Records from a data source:
Content starts

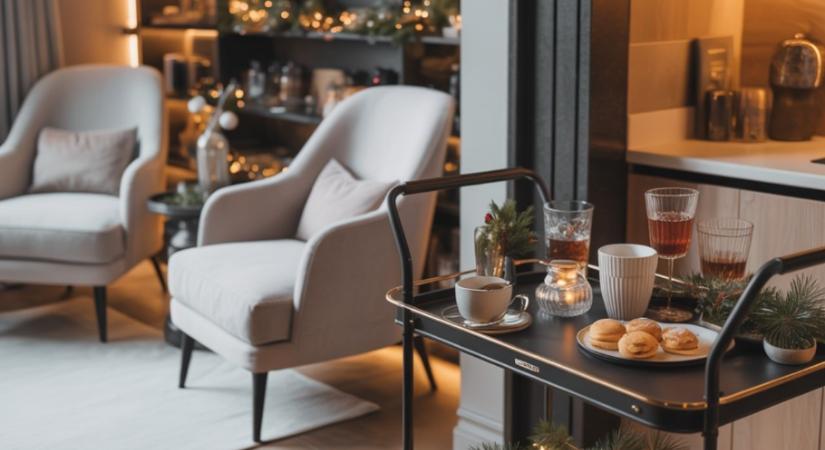 Karácsonyi konyha – így rendezd át, hogy imádják a vendégek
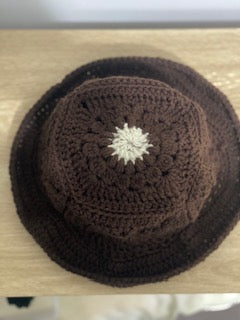 Handcrafted Crochet Hat – Keep Warm & Sun-Ready
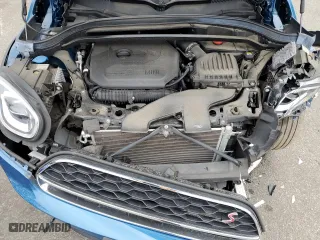 2022 MINI Countryman Cooper S with VIN WMZ83BR07N3N86193, listed as a Copart auction lot 72603234 with 29,406 mi miles and Salvage Title. Bid and sale history available at carsss.com. Image 11.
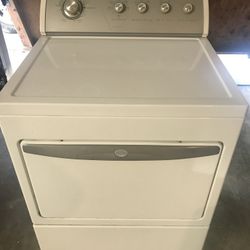 Whirlpool Gas Dryer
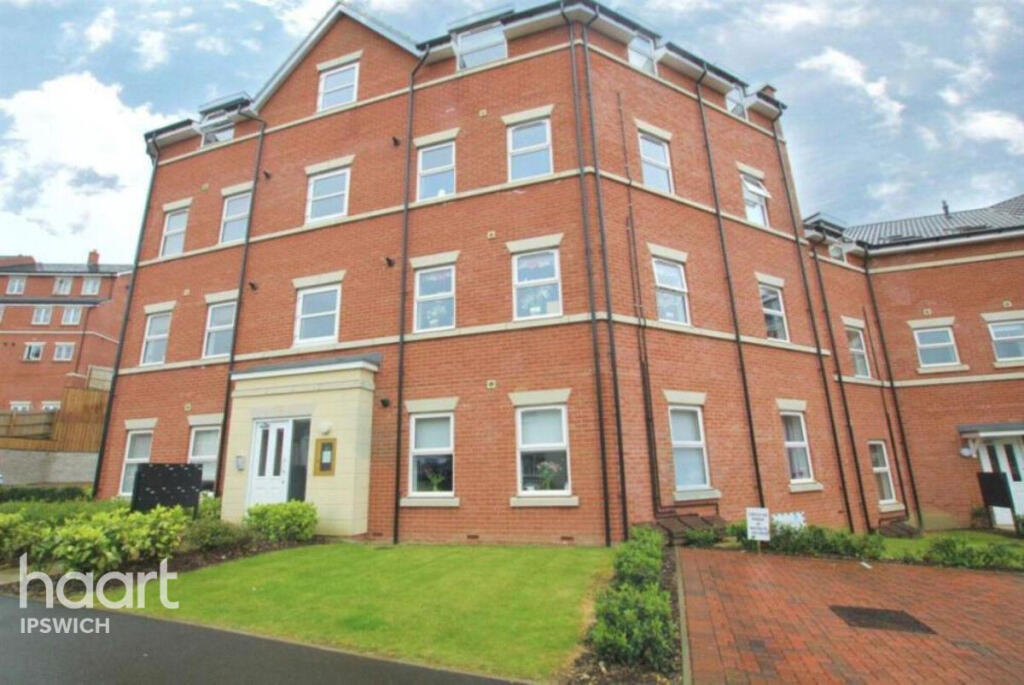 Main image of property: Meridian Rise, Ipswich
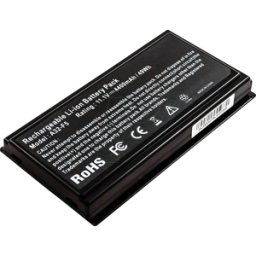 FREI AKKU 53317 - Batería para portátil para ASUS, iones de litio, 4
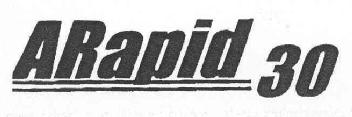 ARAPID 30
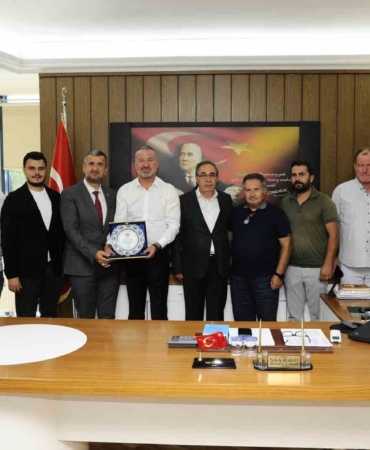 ANASİAD üyeleri, Karacabey’de yatırım yapmaya hazırlanıyor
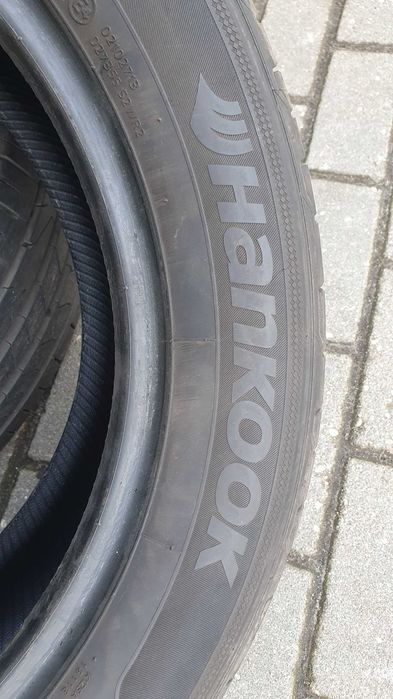 Opony 225/55/18 Hankook ventus prime 3 2szt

Content ends

### [To do]
Once the line containing "Main image of" is found, it and every line through the end of the records above should be output exactly, with no pictures.

### [Response to the task]
 Main image of property: Meridian Rise, Ipswich
 FREI AKKU 53317 - Batería para portátil para ASUS, iones de litio, 4
 ARAPID 30
 ANASİAD üyeleri, Karacabey’de yatırım yapmaya hazırlanıyor
 Opony 225/55/18 Hankook ventus prime 3 2szt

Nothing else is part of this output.